SOURCE INFORMATION —
:::::
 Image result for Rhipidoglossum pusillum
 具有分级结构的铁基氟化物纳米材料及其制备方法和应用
:::::
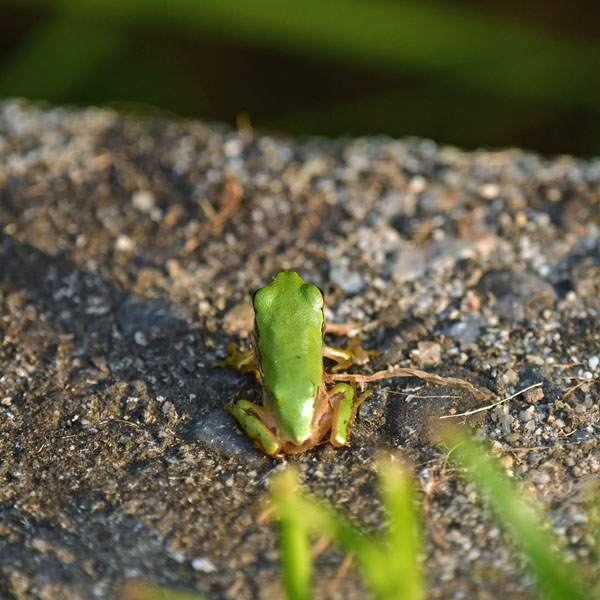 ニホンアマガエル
:::::
Reproduce, character for character, only the lines of the preceding data that start at the line with "Image result for Rhipidoglossum pusillum" and end at the line with "具有分级结构的铁基氟化物纳米材料及其制备方法和应用", both included.

 Image result for Rhipidoglossum pusillum
 具有分级结构的铁基氟化物纳米材料及其制备方法和应用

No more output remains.